* [Exercise prompt]: An exact, line-by-line copy is needed, beginning at the line with "Томичей приглашают на" and ending at the last line of the listing below.

* [Dataset entries]:

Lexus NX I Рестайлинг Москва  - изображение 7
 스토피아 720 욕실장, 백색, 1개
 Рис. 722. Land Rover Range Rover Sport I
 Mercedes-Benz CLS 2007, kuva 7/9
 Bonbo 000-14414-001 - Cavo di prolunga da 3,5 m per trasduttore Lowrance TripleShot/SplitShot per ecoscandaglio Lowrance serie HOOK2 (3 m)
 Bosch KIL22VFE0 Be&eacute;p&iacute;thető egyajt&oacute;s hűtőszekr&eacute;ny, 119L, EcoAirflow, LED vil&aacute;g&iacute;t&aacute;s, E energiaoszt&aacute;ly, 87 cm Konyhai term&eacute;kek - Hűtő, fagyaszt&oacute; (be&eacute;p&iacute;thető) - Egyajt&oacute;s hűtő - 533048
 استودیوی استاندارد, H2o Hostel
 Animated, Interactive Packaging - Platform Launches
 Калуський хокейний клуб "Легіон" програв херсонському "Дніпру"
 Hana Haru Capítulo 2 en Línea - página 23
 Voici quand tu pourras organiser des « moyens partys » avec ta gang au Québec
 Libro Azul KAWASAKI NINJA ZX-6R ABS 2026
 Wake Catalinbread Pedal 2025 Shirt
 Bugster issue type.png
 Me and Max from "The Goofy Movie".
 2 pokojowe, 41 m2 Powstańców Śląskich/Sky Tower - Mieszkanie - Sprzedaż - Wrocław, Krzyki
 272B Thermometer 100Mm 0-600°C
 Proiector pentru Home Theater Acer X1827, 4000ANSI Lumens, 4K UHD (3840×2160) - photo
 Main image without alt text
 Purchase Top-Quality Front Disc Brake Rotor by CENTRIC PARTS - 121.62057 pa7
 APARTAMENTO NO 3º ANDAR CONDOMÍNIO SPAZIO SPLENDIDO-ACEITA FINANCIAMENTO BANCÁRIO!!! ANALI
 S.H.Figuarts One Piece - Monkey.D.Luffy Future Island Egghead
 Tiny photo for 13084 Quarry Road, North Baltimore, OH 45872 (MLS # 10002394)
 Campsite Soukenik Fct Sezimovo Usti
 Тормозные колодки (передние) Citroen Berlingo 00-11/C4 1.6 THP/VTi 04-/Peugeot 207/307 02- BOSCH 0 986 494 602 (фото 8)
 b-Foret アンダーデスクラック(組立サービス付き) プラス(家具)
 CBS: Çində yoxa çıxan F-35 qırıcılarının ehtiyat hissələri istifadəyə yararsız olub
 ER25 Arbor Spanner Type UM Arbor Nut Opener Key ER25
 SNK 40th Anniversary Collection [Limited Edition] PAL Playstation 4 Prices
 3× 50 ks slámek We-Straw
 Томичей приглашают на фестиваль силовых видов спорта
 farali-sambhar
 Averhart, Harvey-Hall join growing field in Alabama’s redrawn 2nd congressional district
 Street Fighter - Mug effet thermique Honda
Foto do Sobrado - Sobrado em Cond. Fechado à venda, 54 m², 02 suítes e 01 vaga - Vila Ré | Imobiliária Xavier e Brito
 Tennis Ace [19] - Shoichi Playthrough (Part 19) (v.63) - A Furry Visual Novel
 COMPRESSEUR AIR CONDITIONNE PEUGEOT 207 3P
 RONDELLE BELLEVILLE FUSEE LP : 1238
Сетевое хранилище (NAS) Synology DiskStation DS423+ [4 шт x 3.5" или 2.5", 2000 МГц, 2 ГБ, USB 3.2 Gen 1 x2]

* [Task solution]:
 Томичей приглашают на фестиваль силовых видов спорта
 farali-sambhar
 Averhart, Harvey-Hall join growing field in Alabama’s redrawn 2nd congressional district
 Street Fighter - Mug effet thermique Honda
Foto do Sobrado - Sobrado em Cond. Fechado à venda, 54 m², 02 suítes e 01 vaga - Vila Ré | Imobiliária Xavier e Brito
 Tennis Ace [19] - Shoichi Playthrough (Part 19) (v.63) - A Furry Visual Novel
 COMPRESSEUR AIR CONDITIONNE PEUGEOT 207 3P
 RONDELLE BELLEVILLE FUSEE LP : 1238
Сетевое хранилище (NAS) Synology DiskStation DS423+ [4 шт x 3.5" или 2.5", 2000 МГц, 2 ГБ, USB 3.2 Gen 1 x2]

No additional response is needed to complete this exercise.